Curious how this works in relation to interpolation that players utilize. From my (basic) understanding, even if a script looks linear, players/toys are applying smoothing to those movements to avoid jerky playback. I know in MFP there are several different interpolation types available including Makima and pchip.
@Yoooi - is this duplicative, or would it further enhance interpolation/smoothing in MFP?
Only players that do interpolation are MFP and JFP. I dont know of any device that does interpolation itself.
Interpolating an already interpolated script in MFP wont do/add anything. Maybe it would be marginally smoother but you wouldnt be able to tell.

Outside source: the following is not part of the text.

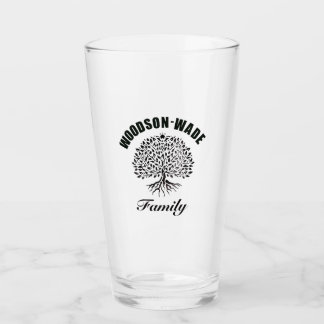 Woodson Wade Glas Tasse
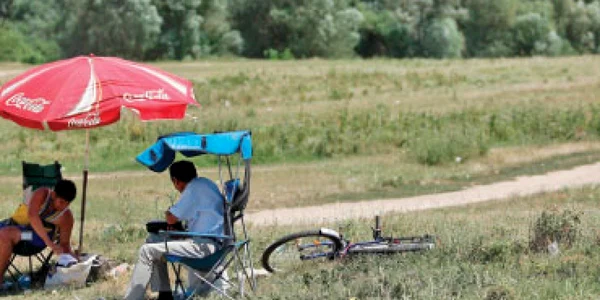 Taxă de plajă pe păşunea comunală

Thanks for the confirmation, I was dumb and had the extension in a file inside another file so it wouldn’t run. I kinda assumed I had made a mistake on my part being a scripting beginner and I was right. Thanks regardless
Just wanted to ask is it generally better to smooth out scripts or have them be more linear, when would one be better than the other? I assume quick thrusts would benefit more from linear due to the speed and intensity and smoothing out would work better if it’s like a slower thrust?
EDIT: I tested it out on the Handy, basically makes the script skip/jitter a lot so its choppy. Not sure why.
In BLE mode the Handy takes actions one by one and therefore producing a microstutter before each point. Over Wi-Fi it caches all actions beforehand and is therefore more smoother.
Fast actions, one that exceeeds 380unit/s, should be kept untouched imo, as the sudden acceleration feels rather abrupt and unnatural.
Simple script also has better compatibility, and will thus play out better on older toys such as the Launch and A10 Piston.
It’s worth adding middle points purposefully to represent significant speed changes in the video. Don’t select all actions and perform the function just for the sake of “smoothing” out the strokes, as it may not.
The only device that is completely unaffected by this is the OSRs. And there’s no need to do this for them because MultiFunPlayer takes care of overall interpolation.
My observation is smooting is needed only one sided of top bottom points. I rarely see a decelerate to stop but a delay at accelerating. So if you could do the plugin also onesided of top and bottom that would be cool. To me this would seem the natural interpolation that’s how movement forces me to script if I replicate it.